江戸の妖怪、怪奇、怪談、奇談

江戸時代を中心とした、面白い話を、探して、紹介します。

動物界霊異誌 河童その5 河童を助けて不思議な卵をもらう

2023-07-27 21:46:03 | カッパ
5、河童を助けて不思議な卵をもらう (仮題) 動物界霊異誌 河童その5
                 2023.7
寛政の初め、芸州(広島県)山縣郡羽生村(不明)庄屋・六左術門の家に、武士の姿をした者が来た。
その者の姿形は、人に違うことなくて端正であった。その者は、
「我は森源左衛門と申すもので、この川に久しく住んでいるものでございます。
近頃の洪水で、淵の中の岩に光りあるものが流れ着き、石の間にはさまりした。それを、一族のものどもが、大いに恐れております。何卒(なにとぞ)、人を使って、この物を取り除いてはくださいませんでしょうか?」
と言った。

六左衝門は大いに驚き、
「さては、お前は、川童であるな。
それなら、その願いは、聞き入れる事は出来ない。
お前をはじめ一族を召し捕り、村人への害をとり除いてやろう。」
と怒った。
すると、この者は、
「御怒りは、全く間違っております。我等が生活は、人間と異ることはありません。非義の振る舞いを禁じていますので、人を害することは決してありません。何卒(なにとぞ)石の害を除いてください。お願いいたします。」
と言った。
「それならば、望みのままにしよう。」と答えた。
そして、水泳の達者な者に淵に飛び込ませて様子を見させた。岩に挟まれ光るものを、取って戻って来た。

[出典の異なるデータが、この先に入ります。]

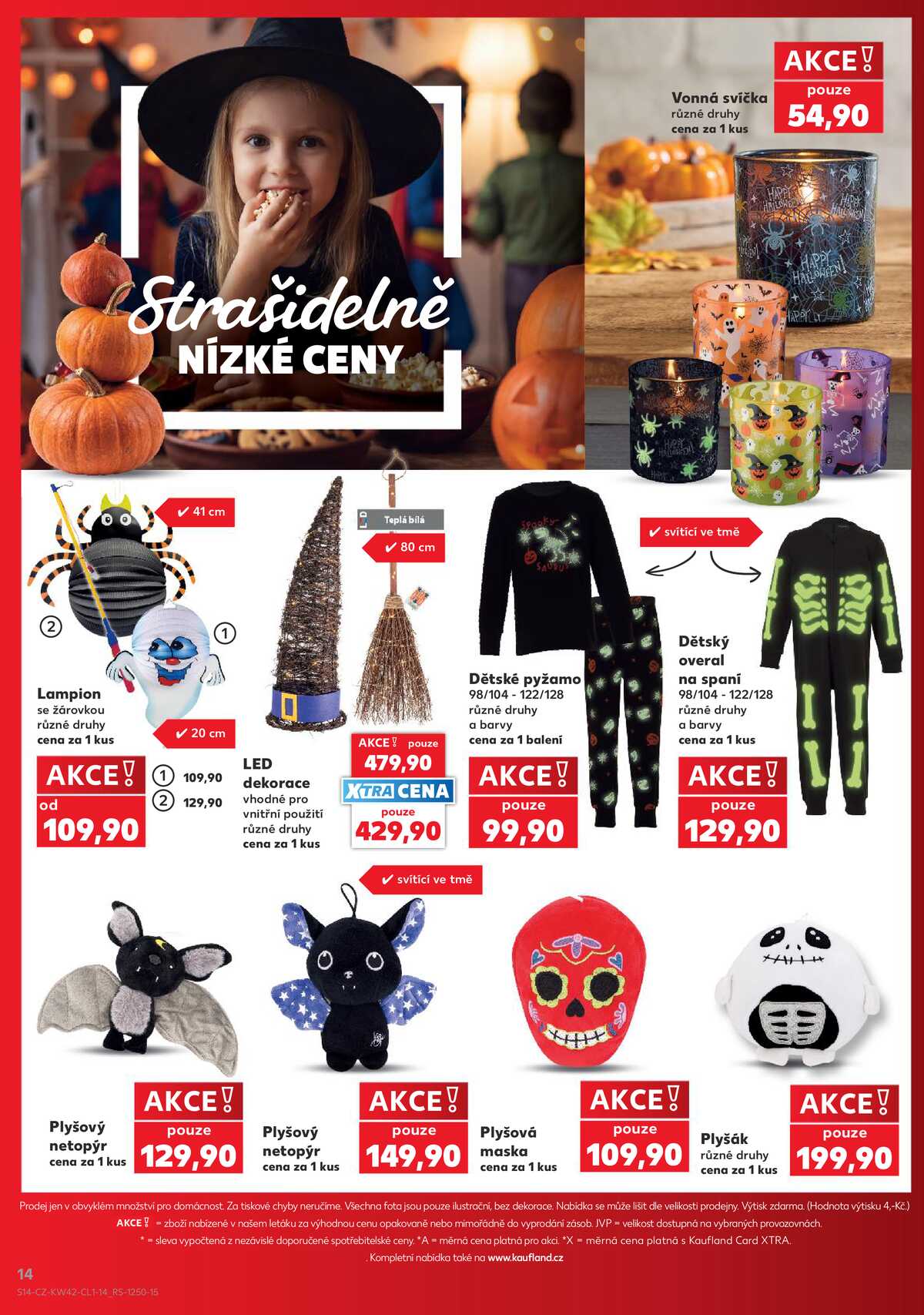 Kaufland - Spotřební zboží - 14.10.-20.10.2026 strana 14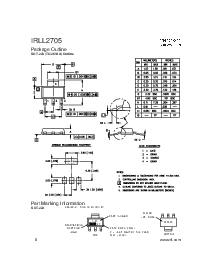 浏览型号IRLL2705的Datasheet PDF文件第8页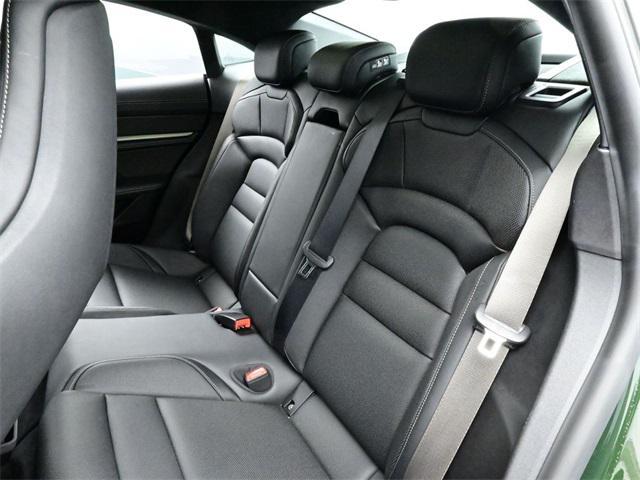 used 2025 Porsche Taycan car, priced at $176,900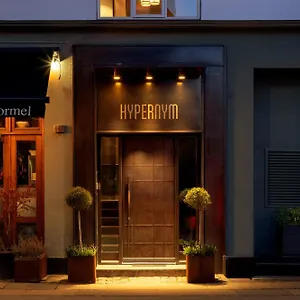 Hotel Hypernym & Copenhagen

翌日、源左衛門が、六左衛門の家に、卵六つを手みやげに持ってきて、置いていった。

しかし、六左衛門はそれを怪しんで捨てた。
その後、又三つ持って来た。
「先に持ってきた卵は、お食べになりましたか?」と聞いた。
六左衛門は、「捨てた」と正直に答えた。
源左衛門は言った。
「さてさて、惜いことでございますね。これは、ク夕と言う鳥の卵でして、大変に貴重なものです。
こんどのは、早く食べて下さい。
大変に効果のあるものです。」と言った。
それで、六左衛門は、食べてみた。
すると、胸と腹の間が涼しく、気持ちが明るくなり、身が健(すこや)かになった感じがする、と言った。

この事を或る殿様に申し上げた。
殿様は、ク夕と言う鳥の事について、いろいろと尋ねさせたが、知る人は無かった、との事である。

この、源左衛門は、大小の刀を帯びていたそうである。
また、眷属は三百人ばかりである由(よし)を語ったとの事である。
その後しばしば来たが、その身に臭気があったので、
近づく事を嫌い、縁側にすわってもらって、話をしたと言う。(中略)


播州の玉屑(人名)は、川童(かっぱ)の毛を持っていた。
その色は、狐の毛のようであったが、水に入れれば、その形が見えなくなった。怪しいものである。